We identified HPV integration events using PacBio long-read sequencing of HPV-enriched tumour DNA from eight ICC samples. By specifically targeting those regions of the genome that harbour HPV genome sequences, pre-sequencing enrichment of DNA libraries creates a more cost-effective way to employ long-range sequencing of viral integrations in multiple samples. Further, as stated above, long-read sequencing provides details of HPV integration events not possible with standard sequencing technologies. For example, our PacBio data conclusively shows that integration events are a collection of unique, chimeric breakpoints that can span extensive regions of the human genome, thus resulting in extensive genomic disruption like that described in the literature [57]. Much work has focused on deciphering the importance of the 3D genome and how alterations to its structure, specifically at topologically associating domains (TADs), may contribute to carcinogenesis [58]. In fact, a recent publication [59] provides evidence of HPV integration-induced alterations to local chromosome architecture and 3D genome remodelling, resulting in the viral hijacking of a host enhancer in the region of integration. Future avenues of research investigating how HPV integration alters the 3D genome could shed light on novel mechanisms underlying ICC progression.

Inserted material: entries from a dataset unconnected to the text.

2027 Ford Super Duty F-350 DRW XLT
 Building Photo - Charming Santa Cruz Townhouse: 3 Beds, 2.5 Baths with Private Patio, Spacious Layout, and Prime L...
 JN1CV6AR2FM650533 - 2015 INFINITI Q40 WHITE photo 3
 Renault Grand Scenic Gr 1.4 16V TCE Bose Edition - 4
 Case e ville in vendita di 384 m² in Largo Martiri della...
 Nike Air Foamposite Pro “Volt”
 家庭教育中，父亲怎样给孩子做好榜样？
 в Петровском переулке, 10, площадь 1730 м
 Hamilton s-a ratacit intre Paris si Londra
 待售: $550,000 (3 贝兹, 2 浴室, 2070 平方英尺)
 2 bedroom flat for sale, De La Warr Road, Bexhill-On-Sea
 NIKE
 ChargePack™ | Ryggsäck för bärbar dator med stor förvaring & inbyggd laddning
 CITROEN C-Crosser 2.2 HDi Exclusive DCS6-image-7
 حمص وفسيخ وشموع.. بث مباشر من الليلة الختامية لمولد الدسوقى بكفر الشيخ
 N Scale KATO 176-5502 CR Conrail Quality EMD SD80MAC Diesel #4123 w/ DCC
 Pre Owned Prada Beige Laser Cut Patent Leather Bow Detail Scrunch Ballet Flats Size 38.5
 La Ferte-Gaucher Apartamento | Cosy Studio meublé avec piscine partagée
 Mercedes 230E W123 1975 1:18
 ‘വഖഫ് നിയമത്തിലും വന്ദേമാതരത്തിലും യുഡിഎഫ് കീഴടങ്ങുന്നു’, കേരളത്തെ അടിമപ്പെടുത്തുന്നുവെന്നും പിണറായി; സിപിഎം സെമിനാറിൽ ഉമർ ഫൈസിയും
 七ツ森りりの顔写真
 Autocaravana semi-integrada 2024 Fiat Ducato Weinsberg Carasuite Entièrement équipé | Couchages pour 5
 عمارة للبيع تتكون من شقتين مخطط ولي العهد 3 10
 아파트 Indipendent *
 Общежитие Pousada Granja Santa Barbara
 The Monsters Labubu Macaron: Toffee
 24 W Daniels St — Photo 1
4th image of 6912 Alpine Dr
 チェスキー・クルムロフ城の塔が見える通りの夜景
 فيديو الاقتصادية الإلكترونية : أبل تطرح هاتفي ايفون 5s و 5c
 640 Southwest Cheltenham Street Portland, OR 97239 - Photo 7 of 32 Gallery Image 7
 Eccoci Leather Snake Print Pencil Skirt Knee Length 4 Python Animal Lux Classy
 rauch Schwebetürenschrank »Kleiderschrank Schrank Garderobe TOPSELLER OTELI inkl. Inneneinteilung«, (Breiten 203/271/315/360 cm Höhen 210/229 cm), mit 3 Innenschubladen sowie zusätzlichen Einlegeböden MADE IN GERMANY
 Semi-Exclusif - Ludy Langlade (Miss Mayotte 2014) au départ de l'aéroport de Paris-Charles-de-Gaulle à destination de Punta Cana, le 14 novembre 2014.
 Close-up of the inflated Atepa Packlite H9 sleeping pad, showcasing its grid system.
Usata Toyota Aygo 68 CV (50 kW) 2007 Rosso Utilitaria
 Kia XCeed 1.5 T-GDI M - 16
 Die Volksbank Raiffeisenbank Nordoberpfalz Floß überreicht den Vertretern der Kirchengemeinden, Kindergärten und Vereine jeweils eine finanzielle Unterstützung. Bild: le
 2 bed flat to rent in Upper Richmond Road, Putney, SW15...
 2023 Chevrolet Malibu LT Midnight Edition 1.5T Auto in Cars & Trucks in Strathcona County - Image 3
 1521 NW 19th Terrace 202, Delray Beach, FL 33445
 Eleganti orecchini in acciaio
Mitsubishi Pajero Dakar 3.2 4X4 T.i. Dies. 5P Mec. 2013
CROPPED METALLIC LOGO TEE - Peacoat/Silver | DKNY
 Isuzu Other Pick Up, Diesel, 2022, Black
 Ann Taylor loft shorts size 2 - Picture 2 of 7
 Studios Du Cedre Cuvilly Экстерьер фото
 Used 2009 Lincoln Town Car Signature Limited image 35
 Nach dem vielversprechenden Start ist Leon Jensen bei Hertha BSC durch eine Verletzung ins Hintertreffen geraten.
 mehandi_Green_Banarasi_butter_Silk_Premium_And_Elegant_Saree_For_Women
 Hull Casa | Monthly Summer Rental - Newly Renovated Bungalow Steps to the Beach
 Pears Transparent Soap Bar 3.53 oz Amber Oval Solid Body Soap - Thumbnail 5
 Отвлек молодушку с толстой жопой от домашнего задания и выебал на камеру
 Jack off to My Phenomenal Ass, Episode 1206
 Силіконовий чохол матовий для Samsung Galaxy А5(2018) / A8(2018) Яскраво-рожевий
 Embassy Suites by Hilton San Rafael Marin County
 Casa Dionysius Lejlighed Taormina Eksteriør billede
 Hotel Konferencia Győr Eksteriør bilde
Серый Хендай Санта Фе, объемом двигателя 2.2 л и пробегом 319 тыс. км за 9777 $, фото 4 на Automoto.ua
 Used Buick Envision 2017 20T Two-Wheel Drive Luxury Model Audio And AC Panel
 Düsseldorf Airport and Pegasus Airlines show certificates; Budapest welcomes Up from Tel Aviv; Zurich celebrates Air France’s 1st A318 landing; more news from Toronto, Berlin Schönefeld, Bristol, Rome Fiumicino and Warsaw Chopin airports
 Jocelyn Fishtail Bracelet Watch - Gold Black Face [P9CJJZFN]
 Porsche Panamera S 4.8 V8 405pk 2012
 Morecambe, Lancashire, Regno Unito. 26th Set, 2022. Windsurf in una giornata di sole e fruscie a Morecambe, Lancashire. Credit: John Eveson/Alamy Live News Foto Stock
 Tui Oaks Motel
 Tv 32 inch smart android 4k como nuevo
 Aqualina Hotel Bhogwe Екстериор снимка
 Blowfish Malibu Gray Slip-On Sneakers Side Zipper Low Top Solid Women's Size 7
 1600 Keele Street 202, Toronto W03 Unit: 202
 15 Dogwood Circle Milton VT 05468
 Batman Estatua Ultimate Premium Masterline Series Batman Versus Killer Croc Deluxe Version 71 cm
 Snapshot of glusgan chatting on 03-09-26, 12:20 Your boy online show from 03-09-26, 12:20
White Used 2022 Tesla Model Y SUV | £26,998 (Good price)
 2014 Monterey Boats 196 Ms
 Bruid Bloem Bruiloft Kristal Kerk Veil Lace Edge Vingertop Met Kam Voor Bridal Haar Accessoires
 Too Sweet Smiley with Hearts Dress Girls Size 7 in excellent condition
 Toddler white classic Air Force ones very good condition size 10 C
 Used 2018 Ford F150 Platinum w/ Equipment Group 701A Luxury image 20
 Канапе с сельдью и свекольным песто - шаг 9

The chief goal of the current study was to examine the potential of HPV integration sites to highlight putative genes affecting cervical carcinogenesis using a novel pipeline and filtering system. Although we highlight four excellent candidate IDGs here, it is important to note that much more must be done before they could be considered true ICC gene targets. Future steps for more in-depth functional characterisation of these and other IDGs include supplementary in vitro work to determine the main pathways and potential accessory molecules crucial to cancer-promoting properties of each IDG, which may be guided by the existing literature. For example, BNC1 knockdown in mammary epithelial cells results in elevated levels of E-cadherin [60], suggestive of a role for this transcription factor in epithelial-to-mesenchymal transition. RSBN1 expression is induced by hypoxia in breast cancer cells [61], USP36 promotes ERK and Akt signalling in HeLa cells [62] and TAOK3 promotes tumour initiation and metastasis in pancreatic cells [63] and regulates human T-cell receptor signalling [64, 65]. Importantly, these oncogenic processes and signalling pathways are well characterised and easily testable, thus providing a logical springboard for future experiments delving into the precise role of the four candidate IDGs in cervical carcinogenesis. Finally, once IDG function and pathway information are complete, in vivo IDG validation and targeting would be tested using siRNA-mediated knockdown and/or CRISPR-based gene editing in cervical cancer cell lines and orthotopic xenograft models.

Although we are generally pleased with the performance of our pipeline, it does have limitations. For instance, shortcomings of our filtering criteria are that (1) expression of true oncogenes does not necessarily need to associate with survival and (2) Z-score values only tell us how the expression of a candidate IDG in the integrated sample compares to its expression across the rest of the cohort. However, it is important to note that our use of these filters was an attempt at paring down a very large number of genes to a more manageable one for study. Further, we appreciate that not all integration events will be associated with clinically relevant targets. In fact, there is still much debate regarding whether HPV integration-induced alterations to the human genome are a key player in cervical carcinogenesis or if these host genomic alterations were already present in the tumour prior to viral integration. Despite the shortcomings, our data support the use of this pipeline as a first step in exploiting HPV integration events to drive the discovery of important ICC genes. Our future work will continue to prioritise and test the function of remaining candidate IDGs from these samples and others from a large ICC cohort, with the ultimate goals of (1) fine-tuning of our pipeline filters and (2) discovering similarities across tumours/integrations for improved stratification of ICC patients into clinically actionable cohorts based on their HPV integration signatures and other oncogenic driver events.

Supplementary information

Acknowledgements

We thank the Genomic Sciences and Precision Medicine Center (GSPMC) at the Medical College of Wisconsin for their assistance and technical support with PacBio sequencing.

Author contributions

MI, Y-WH, PL, MJF and JSR designed the study concept and experiments; MI, Y-WH and MX performed the experiments; MI, S-WT, Y-WH and PL acquired, analysed and interpreted the data; MI, MJF and JSR wrote the paper. All authors discussed the results and had final approval of the submitted manuscript.

Funding information

This work was supported by the NCI R21CA241013 (to JSR) and the Women’s Health Research Programme in the Department of Obstetrics and Gynecology, Medical College of Wisconsin.

Data availability

The PacBio long-read sequencing data generated in this study have been submitted to the NCBI BioProject database under accession number PRJNA640649.

Code availability

All codes used to generate results presented are publicly available and cited with the first mention.

Competing interests

The authors declare no competing interests.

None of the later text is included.